Although the canonical Grammatical Evolution, mapping is generally considered as a one way process of mapping the genotype to phenotype, in FinchGE, GenotypeMapper has been implemented as a codec, providing a bi-directional process of encoding and decoding.

  • The reconstructed genome is not guaranteed to be identical to the original genome
  • but it is guaranteed to decode to the same tree and phenotype.

The GenotypeMapper is responsible for two symmetric operations:

  1. Decoding: genotype -> derivation tree -> phenotype Implemented by the map() method.

  2. Encoding: derivation tree -> genotype Implemented by the reverse_map() method.

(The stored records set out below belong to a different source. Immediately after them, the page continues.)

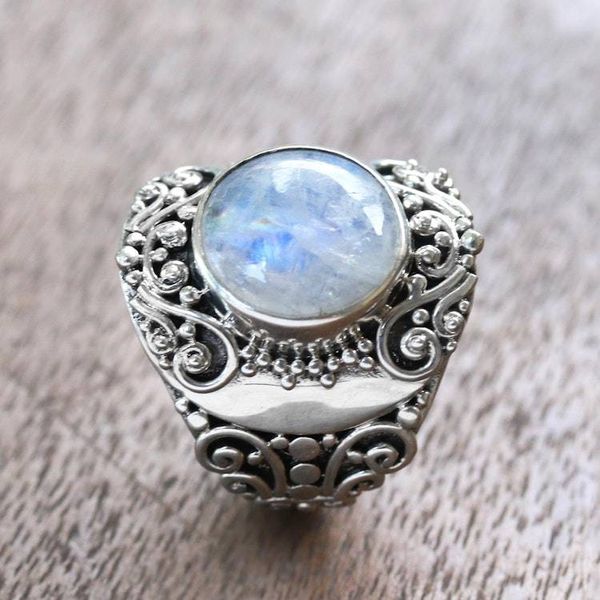 Alternate image for Rainbow Moonstone Cocktail Ring from Bali Nighttime Garden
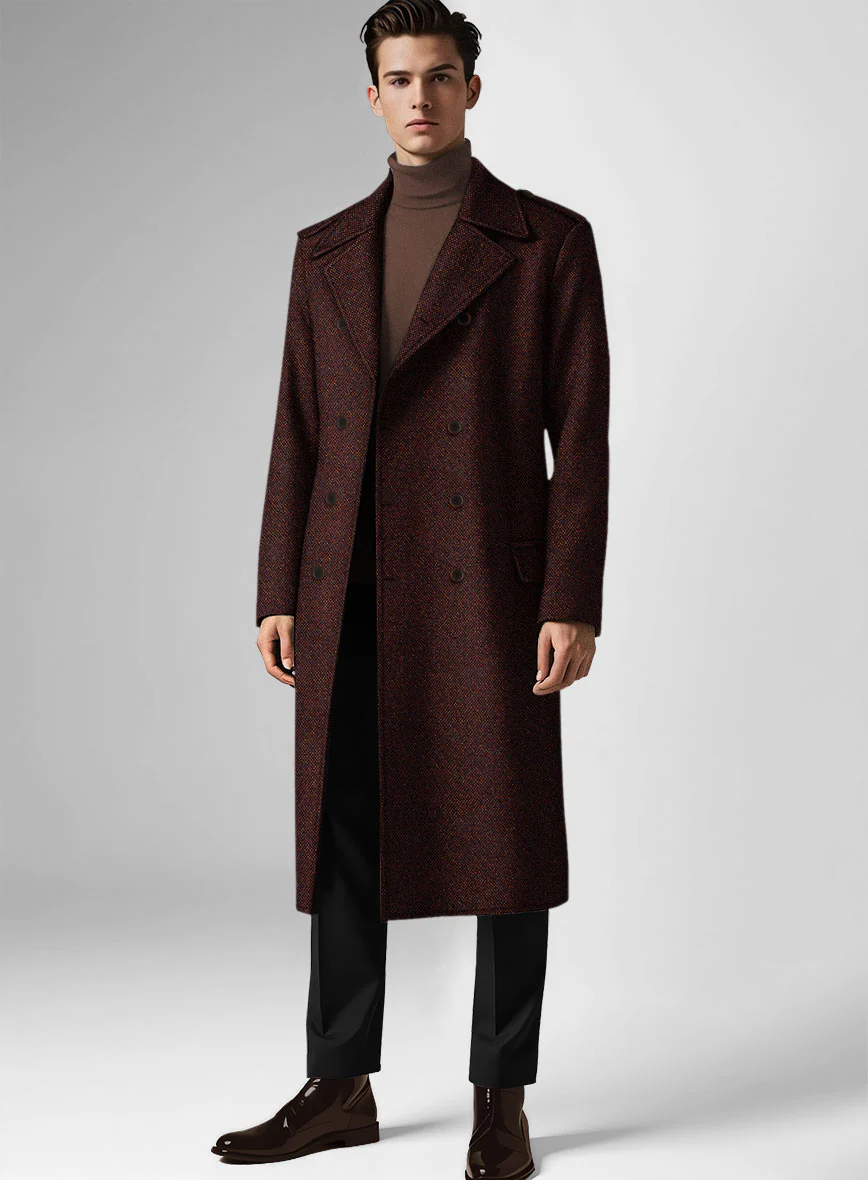 Highlander Heavy Wine Bedford Tweed GQ Overcoat - Image 3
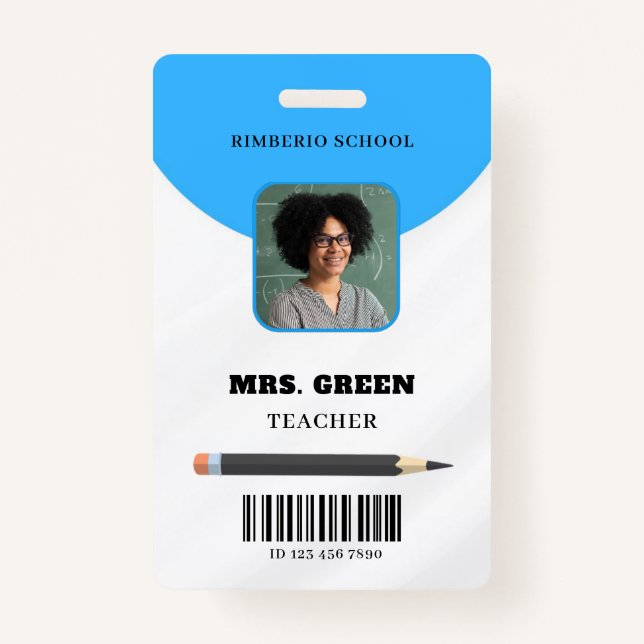 Blue Minimal Teacher ID Card Badge (Front)
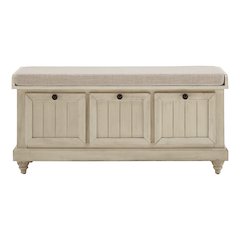 Antique White Finish Storage Bench With Beige Linen Cushion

Together, these form a bidirectional codec for Grammatical Evolution.

Decoder: map(...)

Purpose

The decoder consumes a list of integers (codons) and applies grammar rules to construct a derivation tree. Once the tree is complete, its terminal yield is concatenated to produce the phenotype.

Key properties
  • Stack-based depth-first expansion
  • Rightmost-first expansion order (LIFO)
  • Modulo-based production selection
  • Codon wrapping up to max_wraps
  • Explicit recursion depth control
  • Detects and flags invalid individuals
API
Python
result = mapper.map(genotype)

Where:

  • genotype is a list[int]
  • result is a MappingResult containing: (phenotype, tree, used_genome, used_codon_count, invalid)

Example:

Python
from finchge.grammar import Grammar
from finchge.grammar.mapper import GenotypeMapper

grammar = Grammar("""
<string> ::= <letter> | <letter> <string>
<letter> ::= _ | [a-z]
""")

mapper = GenotypeMapper(grammar=grammar)

genome = [23, 5, 99, 17]

result = mapper.map(genome)

print(result.phenotype)
print(result.invalid)

Encoder: reverse_map(...)

Purpose

The encoder performs the inverse operation: given a derivation tree, it reconstructs a genome that will reproduce the same tree when decoded with the same mapper configuration.

This is essential for:

  • Tree-based initialisation methods (RHH, Pi-Grow, PTC2 etc.)
  • Subtree crossover and mutation
  • Hybrid genome-tree evolutionary workflows
  • Checkpointing and reproducibility
API
Python
    genome = mapper.reverse_map(tree)

Optional arguments allow padding or truncation to a fixed genome length.

Example:

Python
from finchge.grammar import Grammar
from finchge.grammar.mapper import GenotypeMapper

grammar = Grammar("""
<string> ::= <letter> | <letter> <string>
<letter> ::= _ | [a-z]
""")

mapper = GenotypeMapper(grammar=grammar)

# Decode
result1 = mapper.map([23, 5, 99, 17])

# Encode
genome2 = mapper.reverse_map(
    result1.tree,
    codon_size=127,
    pad_to_length=10,
)

# Decode again
result2 = mapper.map(genome2)

assert result1.phenotype == result2.phenotype

This round-trip check ensures that the mapper does not lose information when converting between genomes and trees.